Russian resources are still a very powerful weapon. Russia's sales of oil, gas and other commodities not only cement its ties with allies in the Global South but also establish channels of dialogue with adversaries. A case in point is the ongoing gas shipments through Ukraine to Europe, for which, despite the ongoing war and sanctions on its institutions, Russia is negotiating transit terms and compensates Ukraine approximately $1.0-1.5 billion per year. Such situations underscore the depth and complexity of Russia’s commodity-driven international relationships, especially when it comes to states of the Global South that are more amicably disposed to Moscow.

The Global South's engagement with Russia is a microcosm of a broader, more nuanced reality. It is not a simplistic division between allies and adversaries of the West. There is a spectrum of stances within the non-Western bloc itself, with countries charting their distinct courses, sometimes aligning with the West, sometimes promoting more autonomous paths, but oftentimes blending both.

Saudi Arabia’s ambitious Vision 2030, championed by King Mohammed bin Salman, aspires for instance to transform the Middle East into a new hub of civilization, echoing Europe’s historical centrality. “I believe the Middle East can be a new Europe,” declared bin Salman. And he is gradually fulfilling that vision: the Saudis are not only investing in infrastructure and the economy but are also striving to import the best of European culture to their kingdom – though not to replicate it, but to embrace it. Institutions like the Louvre, Centre Pompidou and Pergamonmuseum are opening branches or contributing exhibitions in Saudi Arabia. In another sphere of culture, Cristiano Ronaldo, Neymar and Karim Benzema – all stars of European football – now represent Saudi clubs.

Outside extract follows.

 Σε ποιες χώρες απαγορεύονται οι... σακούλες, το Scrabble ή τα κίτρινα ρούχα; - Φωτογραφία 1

This embrace of European culture on the Arabian Peninsula is part of a strategy that empowers countries of the region to be involved in European politics. A pioneer of westernization in the region, the United Arab Emirates has already demonstrated its diplomatic finesse. This is seen in the UAE’s mediation of prisoner exchanges between Russia and Ukraine, illustrating how soft power and economic investment can translate into substantial geopolitical influence.

In this complex web, Russia's redefined relations with the Global South are not just about bilateral gains but also the very fabric of the post-Cold War consensus. Understanding these dynamics is crucial, as each regional interaction holds the potential to recalibrate the global order, especially in a world teetering on the brink of polycrisis.

In response to this shifting landscape, The Russia Program is initiating a dedicated project to explore Russia's interactions with the Global South. We are bringing together scholars from these emerging powerhouses to offer their insights and challenge prevailing, Western-centric narratives. Their research and analysis will be made accessible through our platform, which seeks a “de-Westernization” of perspectives on Russia.

As the global order creaks under the weight of new challenges, it's time to listen to the voices from regions that have long been mere footnotes in our textbooks. They are not just part of the conversation – they are driving it.